→ Assigned task
Look below for the line containing "version 3D model_7"; from there through the line containing "Solano Sliding Door", both lines included, please set down each line exactly and nothing else.

→ Data to examine
━━━━━━━━━━
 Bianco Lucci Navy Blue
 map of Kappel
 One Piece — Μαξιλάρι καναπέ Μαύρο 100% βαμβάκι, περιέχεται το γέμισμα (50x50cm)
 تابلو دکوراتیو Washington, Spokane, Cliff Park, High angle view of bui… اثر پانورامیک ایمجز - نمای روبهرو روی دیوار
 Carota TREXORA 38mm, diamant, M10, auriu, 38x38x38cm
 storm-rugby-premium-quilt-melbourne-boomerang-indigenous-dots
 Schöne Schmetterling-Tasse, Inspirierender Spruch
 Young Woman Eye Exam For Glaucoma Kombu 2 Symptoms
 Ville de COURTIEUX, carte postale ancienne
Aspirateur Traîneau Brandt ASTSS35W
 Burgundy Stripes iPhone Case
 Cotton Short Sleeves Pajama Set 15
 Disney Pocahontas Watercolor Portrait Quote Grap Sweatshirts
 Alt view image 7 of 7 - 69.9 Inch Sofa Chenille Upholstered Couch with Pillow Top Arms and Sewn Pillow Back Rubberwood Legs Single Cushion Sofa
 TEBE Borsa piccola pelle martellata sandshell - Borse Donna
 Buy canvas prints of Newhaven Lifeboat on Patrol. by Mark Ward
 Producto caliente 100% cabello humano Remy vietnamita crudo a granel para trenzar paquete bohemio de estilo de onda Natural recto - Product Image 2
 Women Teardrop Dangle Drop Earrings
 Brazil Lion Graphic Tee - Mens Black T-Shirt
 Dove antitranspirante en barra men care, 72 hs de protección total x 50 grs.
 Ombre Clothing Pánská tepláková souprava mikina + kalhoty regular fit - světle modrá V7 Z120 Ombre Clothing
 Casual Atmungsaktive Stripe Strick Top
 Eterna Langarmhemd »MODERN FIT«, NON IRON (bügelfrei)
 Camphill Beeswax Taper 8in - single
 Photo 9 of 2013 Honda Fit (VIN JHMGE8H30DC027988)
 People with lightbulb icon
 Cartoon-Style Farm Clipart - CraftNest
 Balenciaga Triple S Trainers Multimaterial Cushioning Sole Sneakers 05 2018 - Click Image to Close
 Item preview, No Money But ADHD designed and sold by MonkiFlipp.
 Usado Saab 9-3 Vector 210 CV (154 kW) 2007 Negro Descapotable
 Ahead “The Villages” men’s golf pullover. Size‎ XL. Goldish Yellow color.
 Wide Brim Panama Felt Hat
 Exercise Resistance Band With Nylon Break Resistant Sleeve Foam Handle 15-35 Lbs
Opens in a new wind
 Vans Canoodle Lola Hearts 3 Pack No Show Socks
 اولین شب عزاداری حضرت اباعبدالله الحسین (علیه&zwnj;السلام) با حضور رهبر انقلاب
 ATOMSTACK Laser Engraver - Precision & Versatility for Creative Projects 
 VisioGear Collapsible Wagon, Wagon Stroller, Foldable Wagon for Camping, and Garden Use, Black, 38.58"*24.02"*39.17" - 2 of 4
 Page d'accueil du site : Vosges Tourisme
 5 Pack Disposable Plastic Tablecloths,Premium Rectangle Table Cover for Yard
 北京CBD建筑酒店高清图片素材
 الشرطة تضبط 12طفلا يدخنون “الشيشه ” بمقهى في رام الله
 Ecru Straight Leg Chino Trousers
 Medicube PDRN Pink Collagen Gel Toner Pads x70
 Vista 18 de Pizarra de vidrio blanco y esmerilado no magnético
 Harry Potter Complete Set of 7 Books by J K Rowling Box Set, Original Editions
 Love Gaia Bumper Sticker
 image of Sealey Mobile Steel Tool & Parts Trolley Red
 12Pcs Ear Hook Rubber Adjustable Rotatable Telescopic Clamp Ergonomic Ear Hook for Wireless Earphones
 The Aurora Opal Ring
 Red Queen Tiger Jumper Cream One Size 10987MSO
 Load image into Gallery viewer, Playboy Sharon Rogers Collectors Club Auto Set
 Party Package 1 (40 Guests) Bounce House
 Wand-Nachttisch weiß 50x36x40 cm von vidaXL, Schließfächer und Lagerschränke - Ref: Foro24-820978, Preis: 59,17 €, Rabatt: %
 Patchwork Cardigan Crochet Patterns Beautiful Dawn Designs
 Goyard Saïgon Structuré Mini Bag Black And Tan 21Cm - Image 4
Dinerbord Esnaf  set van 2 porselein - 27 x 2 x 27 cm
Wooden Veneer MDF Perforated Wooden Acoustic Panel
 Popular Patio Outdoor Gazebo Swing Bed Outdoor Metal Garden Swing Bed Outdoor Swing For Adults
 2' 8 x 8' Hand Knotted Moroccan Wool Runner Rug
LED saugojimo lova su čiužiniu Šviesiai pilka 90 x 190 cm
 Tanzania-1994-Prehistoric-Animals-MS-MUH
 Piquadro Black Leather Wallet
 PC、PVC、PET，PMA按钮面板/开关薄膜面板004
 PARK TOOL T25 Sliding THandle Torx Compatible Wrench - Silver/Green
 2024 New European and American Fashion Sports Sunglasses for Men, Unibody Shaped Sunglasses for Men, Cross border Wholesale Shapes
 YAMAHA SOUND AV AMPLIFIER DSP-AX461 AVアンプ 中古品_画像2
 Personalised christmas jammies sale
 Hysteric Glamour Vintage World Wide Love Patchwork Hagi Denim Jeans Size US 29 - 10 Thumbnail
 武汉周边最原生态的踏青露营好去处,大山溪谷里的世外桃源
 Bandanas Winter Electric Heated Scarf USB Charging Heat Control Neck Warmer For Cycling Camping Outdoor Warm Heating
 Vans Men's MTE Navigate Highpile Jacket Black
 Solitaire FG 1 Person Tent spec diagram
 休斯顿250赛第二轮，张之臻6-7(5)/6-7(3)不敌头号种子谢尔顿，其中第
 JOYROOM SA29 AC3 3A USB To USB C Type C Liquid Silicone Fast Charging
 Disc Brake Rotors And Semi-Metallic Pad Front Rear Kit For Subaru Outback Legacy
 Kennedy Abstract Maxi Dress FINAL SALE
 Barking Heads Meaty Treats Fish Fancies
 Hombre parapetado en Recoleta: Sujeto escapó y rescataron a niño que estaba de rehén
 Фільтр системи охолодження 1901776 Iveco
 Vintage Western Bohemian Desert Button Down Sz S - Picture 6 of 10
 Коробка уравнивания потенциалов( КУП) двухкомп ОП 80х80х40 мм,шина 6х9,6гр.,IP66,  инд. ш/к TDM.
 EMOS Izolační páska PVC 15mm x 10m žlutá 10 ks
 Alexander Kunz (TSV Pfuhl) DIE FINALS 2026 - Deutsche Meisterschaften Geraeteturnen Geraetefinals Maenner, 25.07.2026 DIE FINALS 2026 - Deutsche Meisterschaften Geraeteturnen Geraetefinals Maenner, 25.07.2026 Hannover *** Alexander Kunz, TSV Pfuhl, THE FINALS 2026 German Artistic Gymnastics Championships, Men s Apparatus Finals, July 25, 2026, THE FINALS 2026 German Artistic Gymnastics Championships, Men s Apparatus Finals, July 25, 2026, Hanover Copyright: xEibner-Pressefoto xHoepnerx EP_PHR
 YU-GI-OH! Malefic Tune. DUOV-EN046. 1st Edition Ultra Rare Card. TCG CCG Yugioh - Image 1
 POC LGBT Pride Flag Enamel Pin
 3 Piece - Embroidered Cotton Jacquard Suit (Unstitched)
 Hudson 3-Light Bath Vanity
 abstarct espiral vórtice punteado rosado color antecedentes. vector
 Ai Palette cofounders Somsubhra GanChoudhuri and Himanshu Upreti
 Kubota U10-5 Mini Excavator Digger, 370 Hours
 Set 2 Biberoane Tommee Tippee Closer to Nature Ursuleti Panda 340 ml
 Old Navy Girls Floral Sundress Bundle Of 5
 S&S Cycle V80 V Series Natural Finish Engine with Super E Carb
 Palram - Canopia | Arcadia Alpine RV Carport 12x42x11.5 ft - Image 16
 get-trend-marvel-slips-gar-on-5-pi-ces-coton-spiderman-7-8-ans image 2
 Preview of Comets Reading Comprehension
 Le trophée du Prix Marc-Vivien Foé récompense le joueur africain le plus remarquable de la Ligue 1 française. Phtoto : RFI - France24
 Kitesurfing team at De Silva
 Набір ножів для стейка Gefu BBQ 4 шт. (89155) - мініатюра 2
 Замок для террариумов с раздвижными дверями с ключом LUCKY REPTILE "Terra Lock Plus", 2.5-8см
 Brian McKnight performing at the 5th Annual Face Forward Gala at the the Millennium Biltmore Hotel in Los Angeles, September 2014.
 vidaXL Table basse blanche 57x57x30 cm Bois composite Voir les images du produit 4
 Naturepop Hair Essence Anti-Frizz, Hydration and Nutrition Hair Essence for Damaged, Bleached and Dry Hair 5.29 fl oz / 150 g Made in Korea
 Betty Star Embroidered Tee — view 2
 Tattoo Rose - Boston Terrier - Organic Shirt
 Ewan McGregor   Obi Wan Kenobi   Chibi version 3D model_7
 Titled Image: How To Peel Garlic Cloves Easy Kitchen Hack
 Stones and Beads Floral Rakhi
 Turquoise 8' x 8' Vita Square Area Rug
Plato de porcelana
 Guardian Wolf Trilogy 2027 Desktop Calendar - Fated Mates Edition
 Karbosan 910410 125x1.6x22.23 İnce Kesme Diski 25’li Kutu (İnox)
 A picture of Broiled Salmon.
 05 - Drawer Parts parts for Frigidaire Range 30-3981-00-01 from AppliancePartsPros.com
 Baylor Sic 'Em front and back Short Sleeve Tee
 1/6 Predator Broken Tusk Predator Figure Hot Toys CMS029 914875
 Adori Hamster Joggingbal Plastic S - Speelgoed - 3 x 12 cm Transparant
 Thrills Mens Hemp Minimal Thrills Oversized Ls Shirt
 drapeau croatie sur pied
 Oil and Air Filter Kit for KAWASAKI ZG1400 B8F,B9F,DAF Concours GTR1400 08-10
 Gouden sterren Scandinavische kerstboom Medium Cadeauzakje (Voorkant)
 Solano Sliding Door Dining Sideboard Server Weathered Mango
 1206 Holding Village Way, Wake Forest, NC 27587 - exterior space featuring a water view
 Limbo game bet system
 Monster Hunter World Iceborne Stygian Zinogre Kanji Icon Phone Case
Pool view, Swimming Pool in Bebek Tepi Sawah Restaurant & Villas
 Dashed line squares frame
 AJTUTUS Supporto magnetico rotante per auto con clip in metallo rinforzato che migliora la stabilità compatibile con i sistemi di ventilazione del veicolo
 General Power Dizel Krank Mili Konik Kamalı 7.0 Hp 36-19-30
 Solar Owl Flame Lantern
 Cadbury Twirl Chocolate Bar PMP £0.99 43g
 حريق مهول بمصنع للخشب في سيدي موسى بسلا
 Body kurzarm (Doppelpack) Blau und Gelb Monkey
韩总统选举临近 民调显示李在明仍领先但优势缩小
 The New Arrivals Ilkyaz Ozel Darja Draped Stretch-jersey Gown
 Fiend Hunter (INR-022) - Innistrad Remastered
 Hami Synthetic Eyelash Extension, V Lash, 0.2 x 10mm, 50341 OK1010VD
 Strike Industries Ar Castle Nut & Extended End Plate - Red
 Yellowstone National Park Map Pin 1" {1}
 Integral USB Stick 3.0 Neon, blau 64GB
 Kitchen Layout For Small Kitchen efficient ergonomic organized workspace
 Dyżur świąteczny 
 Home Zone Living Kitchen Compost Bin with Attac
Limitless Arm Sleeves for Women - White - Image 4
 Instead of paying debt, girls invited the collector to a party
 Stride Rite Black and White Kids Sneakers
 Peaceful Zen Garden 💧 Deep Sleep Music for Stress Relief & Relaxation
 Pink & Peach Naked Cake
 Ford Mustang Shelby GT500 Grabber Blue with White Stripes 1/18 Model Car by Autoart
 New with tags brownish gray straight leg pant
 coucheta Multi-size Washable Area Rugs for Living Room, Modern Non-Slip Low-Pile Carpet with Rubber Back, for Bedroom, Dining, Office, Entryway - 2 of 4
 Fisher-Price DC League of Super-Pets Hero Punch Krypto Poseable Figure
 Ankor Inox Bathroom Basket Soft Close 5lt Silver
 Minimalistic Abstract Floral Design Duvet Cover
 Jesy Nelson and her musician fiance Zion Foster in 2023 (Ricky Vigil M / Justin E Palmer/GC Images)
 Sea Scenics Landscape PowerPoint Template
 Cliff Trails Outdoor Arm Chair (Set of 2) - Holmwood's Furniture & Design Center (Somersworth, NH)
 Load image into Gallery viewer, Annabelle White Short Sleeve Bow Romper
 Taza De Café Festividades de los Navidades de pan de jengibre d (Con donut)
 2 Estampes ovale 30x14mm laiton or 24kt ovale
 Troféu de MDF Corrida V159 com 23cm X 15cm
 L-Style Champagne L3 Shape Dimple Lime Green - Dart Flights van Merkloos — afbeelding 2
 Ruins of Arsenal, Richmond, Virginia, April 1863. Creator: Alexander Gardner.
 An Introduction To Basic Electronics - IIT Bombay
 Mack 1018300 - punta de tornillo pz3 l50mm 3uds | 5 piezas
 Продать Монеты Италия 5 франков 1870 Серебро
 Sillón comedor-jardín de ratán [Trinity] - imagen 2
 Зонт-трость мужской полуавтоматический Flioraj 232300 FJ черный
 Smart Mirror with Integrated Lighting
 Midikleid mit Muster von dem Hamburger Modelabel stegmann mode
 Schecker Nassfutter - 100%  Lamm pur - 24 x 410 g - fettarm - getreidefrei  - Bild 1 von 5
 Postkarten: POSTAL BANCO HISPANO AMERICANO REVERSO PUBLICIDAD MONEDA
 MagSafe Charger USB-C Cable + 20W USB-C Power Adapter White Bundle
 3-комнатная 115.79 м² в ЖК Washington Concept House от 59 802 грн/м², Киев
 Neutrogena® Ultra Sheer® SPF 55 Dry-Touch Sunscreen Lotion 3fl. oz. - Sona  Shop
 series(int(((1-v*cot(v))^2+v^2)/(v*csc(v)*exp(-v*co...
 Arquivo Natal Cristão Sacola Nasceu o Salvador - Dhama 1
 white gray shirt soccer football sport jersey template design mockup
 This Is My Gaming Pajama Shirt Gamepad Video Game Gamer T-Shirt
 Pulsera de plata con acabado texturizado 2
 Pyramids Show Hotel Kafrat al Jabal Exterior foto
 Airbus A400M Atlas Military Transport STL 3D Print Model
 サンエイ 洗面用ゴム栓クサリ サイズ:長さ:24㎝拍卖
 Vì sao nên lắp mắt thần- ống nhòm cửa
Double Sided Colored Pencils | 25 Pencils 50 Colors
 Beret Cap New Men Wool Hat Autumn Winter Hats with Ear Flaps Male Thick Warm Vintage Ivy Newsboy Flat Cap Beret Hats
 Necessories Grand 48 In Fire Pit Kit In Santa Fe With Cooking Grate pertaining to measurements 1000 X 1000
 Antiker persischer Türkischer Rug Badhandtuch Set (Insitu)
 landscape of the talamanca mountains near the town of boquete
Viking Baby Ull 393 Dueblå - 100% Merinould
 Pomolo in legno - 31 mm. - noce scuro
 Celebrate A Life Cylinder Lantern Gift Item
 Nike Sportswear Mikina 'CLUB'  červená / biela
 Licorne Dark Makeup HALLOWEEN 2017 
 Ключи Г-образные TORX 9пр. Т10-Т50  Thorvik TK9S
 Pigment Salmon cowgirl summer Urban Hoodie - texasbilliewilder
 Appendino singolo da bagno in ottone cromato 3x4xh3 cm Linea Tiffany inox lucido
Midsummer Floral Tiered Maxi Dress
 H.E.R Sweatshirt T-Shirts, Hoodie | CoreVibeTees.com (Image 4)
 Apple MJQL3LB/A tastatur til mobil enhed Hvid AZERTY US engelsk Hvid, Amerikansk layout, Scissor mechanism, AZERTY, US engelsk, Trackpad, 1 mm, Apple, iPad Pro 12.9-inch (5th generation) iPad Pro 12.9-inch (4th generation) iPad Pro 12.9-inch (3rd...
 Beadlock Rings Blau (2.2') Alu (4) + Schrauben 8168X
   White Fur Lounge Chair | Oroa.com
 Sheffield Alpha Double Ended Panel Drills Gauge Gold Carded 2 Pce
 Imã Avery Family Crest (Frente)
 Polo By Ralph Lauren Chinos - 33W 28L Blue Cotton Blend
━━━━━━━━━━
→ Result for this task
 Ewan McGregor   Obi Wan Kenobi   Chibi version 3D model_7
 Titled Image: How To Peel Garlic Cloves Easy Kitchen Hack
 Stones and Beads Floral Rakhi
 Turquoise 8' x 8' Vita Square Area Rug
Plato de porcelana
 Guardian Wolf Trilogy 2027 Desktop Calendar - Fated Mates Edition
 Karbosan 910410 125x1.6x22.23 İnce Kesme Diski 25’li Kutu (İnox)
 A picture of Broiled Salmon.
 05 - Drawer Parts parts for Frigidaire Range 30-3981-00-01 from AppliancePartsPros.com
 Baylor Sic 'Em front and back Short Sleeve Tee
 1/6 Predator Broken Tusk Predator Figure Hot Toys CMS029 914875
 Adori Hamster Joggingbal Plastic S - Speelgoed - 3 x 12 cm Transparant
 Thrills Mens Hemp Minimal Thrills Oversized Ls Shirt
 drapeau croatie sur pied
 Oil and Air Filter Kit for KAWASAKI ZG1400 B8F,B9F,DAF Concours GTR1400 08-10
 Gouden sterren Scandinavische kerstboom Medium Cadeauzakje (Voorkant)
 Solano Sliding Door Dining Sideboard Server Weathered Mango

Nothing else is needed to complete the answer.